We have reviewed our significant revenue streams and identified required changes to our revenue recognition policies. While not expected to be material, the more significant changes to the Company’s revenue recognition policies are in the following areas:
For television and film content licensing agreements with multiple availability windows with the same licensee, the Company will defer more revenues to future windows than is currently deferred.
For licenses of character images, brands and trademarks subject to minimum guaranteed license fees, we currently recognize the difference between the minimum guaranteed amount and actual royalties earned from licensee merchandise sales (“shortfalls”) at the end of the contract period. Under the new guidance, projected guarantee shortfalls will be recognized straight-line over the remaining license period once an expected shortfall is identified.
For licenses that include multiple television and film titles subject to minimum guaranteed license fees that are recoupable against the licensee’s aggregate underlying sales from all titles, the Company will allocate the minimum guaranteed license fee to each title and recognize the allocated license fee as revenue when the title is made available to the customer. License fees in excess of the allocated by-title minimum guarantee are deferred until the aggregate contractual minimum guarantee has been exceeded and thereafter recognized as earned based on the licensee’s underlying sales.
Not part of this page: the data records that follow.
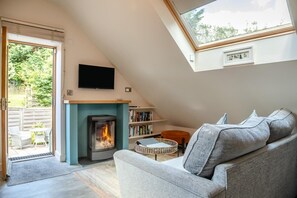 Una sala de estar acogedora con chimenea, un sofá, una estantería y un televisor.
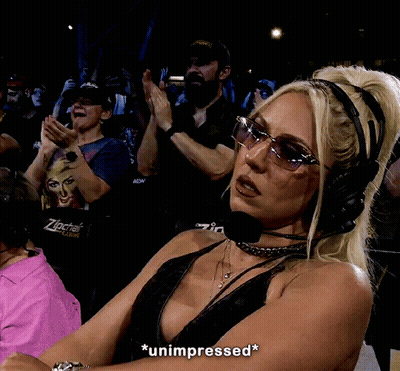 A Woman Wearing Headphones And Sunglasses Says Unimpressed GIF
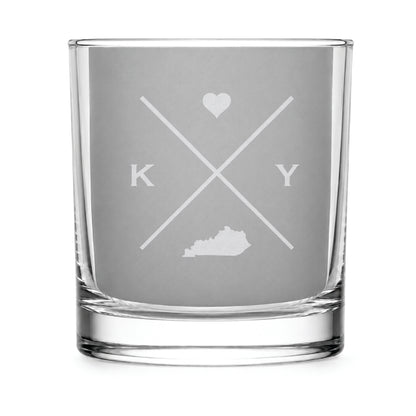 Clear engraved rocks glass featuring a minimalist crossed-line Kentucky design with monogram initials, heart icon, and Kentucky silhouette on a clean light background.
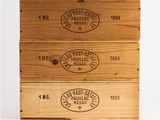 three wooden boxes that are stacked on top of each other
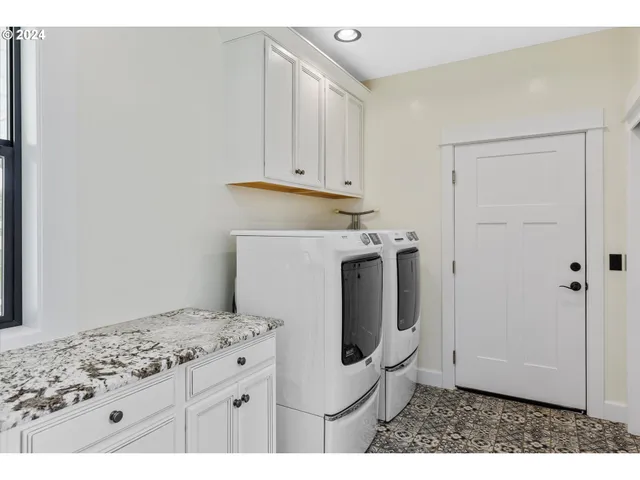 a bathroom with a granite countertop toilet sink and mirror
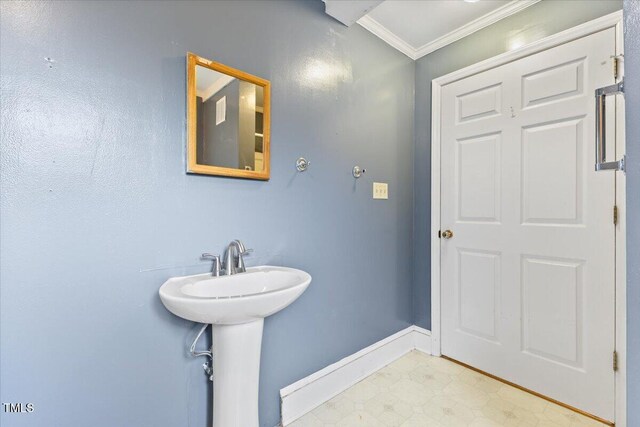 2324 Stevens Rd, Raleigh, NC 27610 - bathroom with crown molding, baseboards, tile patterned floors, and a sink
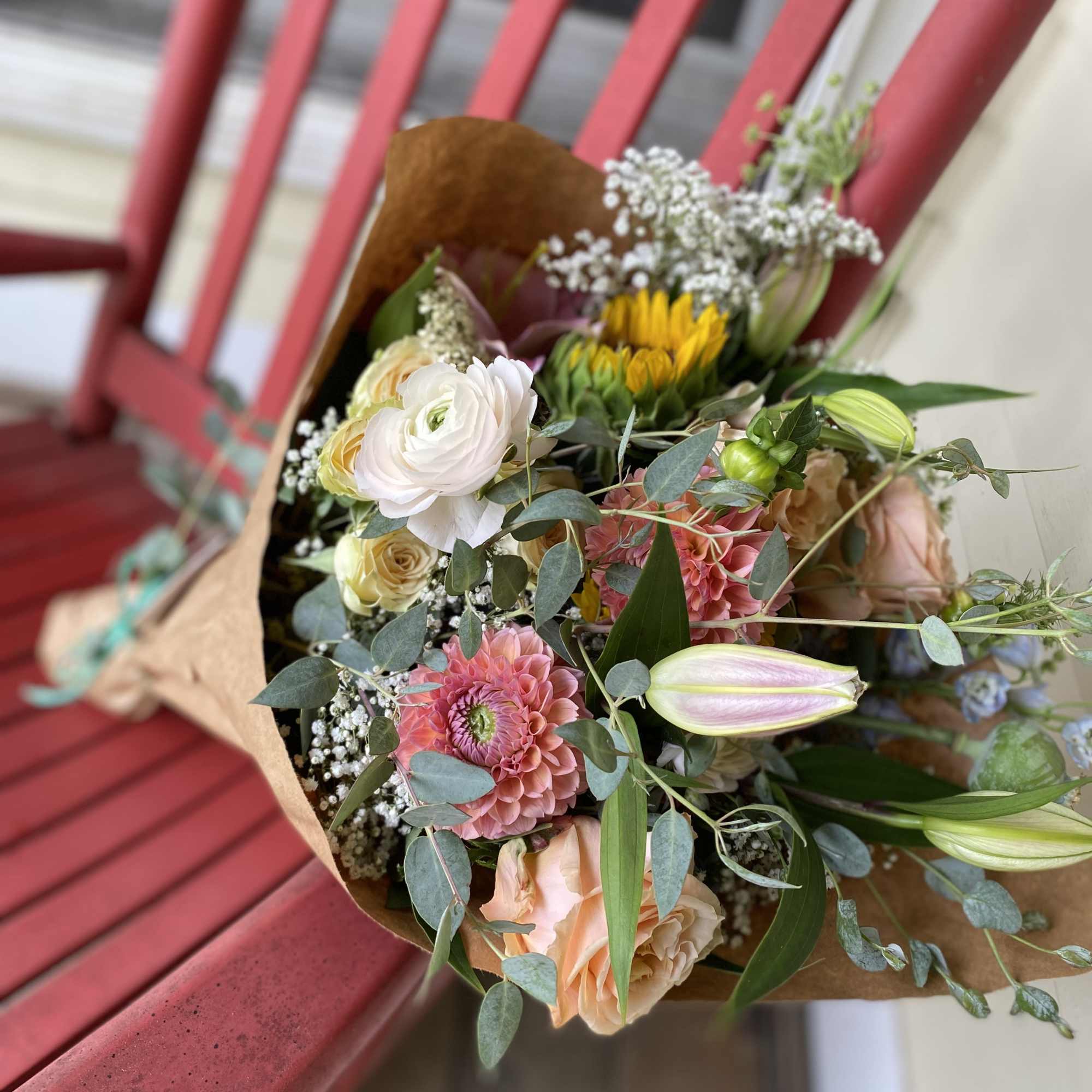 An abundant, hand-tied bouquet &mdash; gathered with whatever is most beautiful in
Under current guidance, an upfront allocation of the minimum guarantee is not required as license fees are recognized as earned based on the licensee’s underlying sales with any shortfalls recognized at the end of the contract period.
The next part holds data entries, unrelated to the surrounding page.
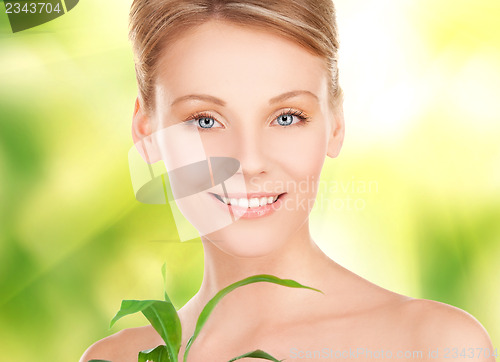 Image of woman with sprout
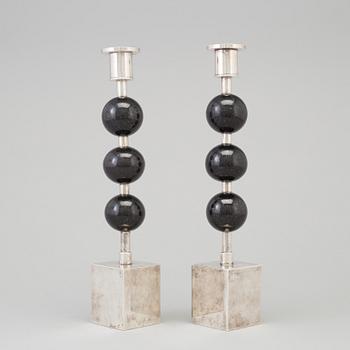 SIGURD PERSSON, a pair of silver plate and diabase candle sticks.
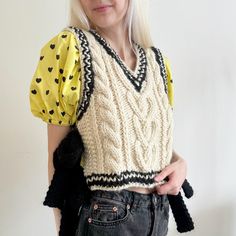 a woman with blonde hair wearing a knitted sweater and black gloves, posing for the camera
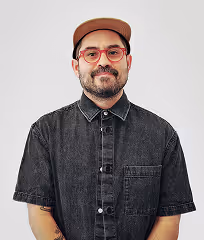 Man with beard, red glasses, and brown cap wearing a black button-up shirt against a plain background.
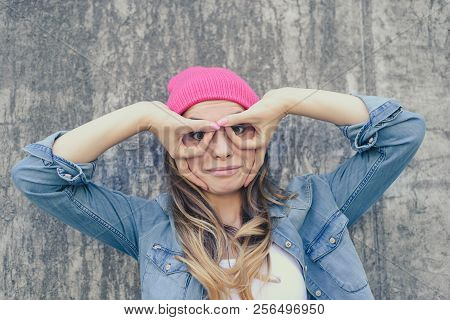 Woman Having Fun. Woman Making Binoculars Using Her Hands. She Is Dressed In Jeand Shirt And Pink Ha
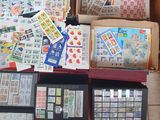 boxes of stamps and stamps are stacked on top of each other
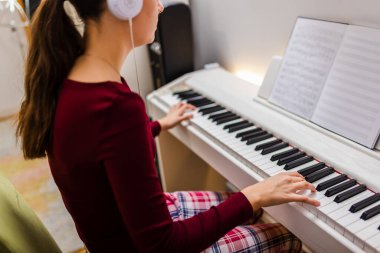 Rahat odasında piyano çalarken kulaklık takan genç bir kadın, müziğine derinden odaklanmış..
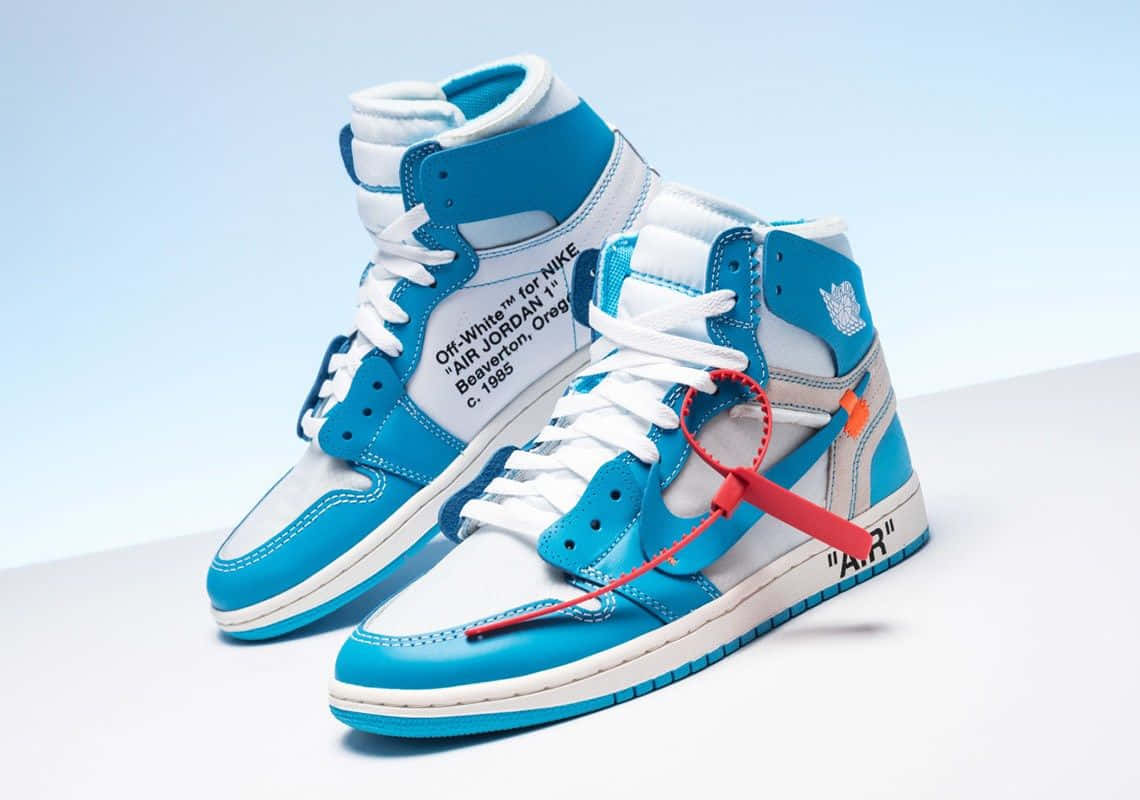 時尚前衛的 Off White 鞋款，為潮流人士量身打造 壁紙 — 一對藍白色高筒運動鞋，帶有紅色標籤細節，置於柔和漸變背景上。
For renewals or extensions of license agreements for television and film content, we will recognize revenue when the licensed content becomes available under the renewal or extension, instead of when the agreement is renewed or extended.
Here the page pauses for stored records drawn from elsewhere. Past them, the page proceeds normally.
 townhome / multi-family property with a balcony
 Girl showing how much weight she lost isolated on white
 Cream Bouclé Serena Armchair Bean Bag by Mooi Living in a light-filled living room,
We have developed processes to capture the information necessary for the expanded disclosures required under the new guidance, and implemented updates needed to our internal controls to support our new revenue recognition policies and disclosure requirements.
The guidance may be adopted either by restating fiscal 2017 and 2018 to reflect the impact of the new guidance (full retrospective method) or by recording the impact of adoption as an adjustment to retained earnings at the beginning of fiscal 2019 (modified retrospective method). The Company will adopt the standard in the first quarter of fiscal 2019 using the modified retrospective method. The adoption will not have a material impact on our consolidated financial statements.
The Company’s equity method investees are considered private companies for purposes of applying the new guidance and are not required to adopt the new standard until fiscal years beginning after December 15, 2018. Our significant equity method investees have substantially completed their assessment of the impact of adopting the new standard on their financial statements. We currently do not expect any material impacts to the Company’s consolidated financial statements upon the investees’ adoption of the new guidance.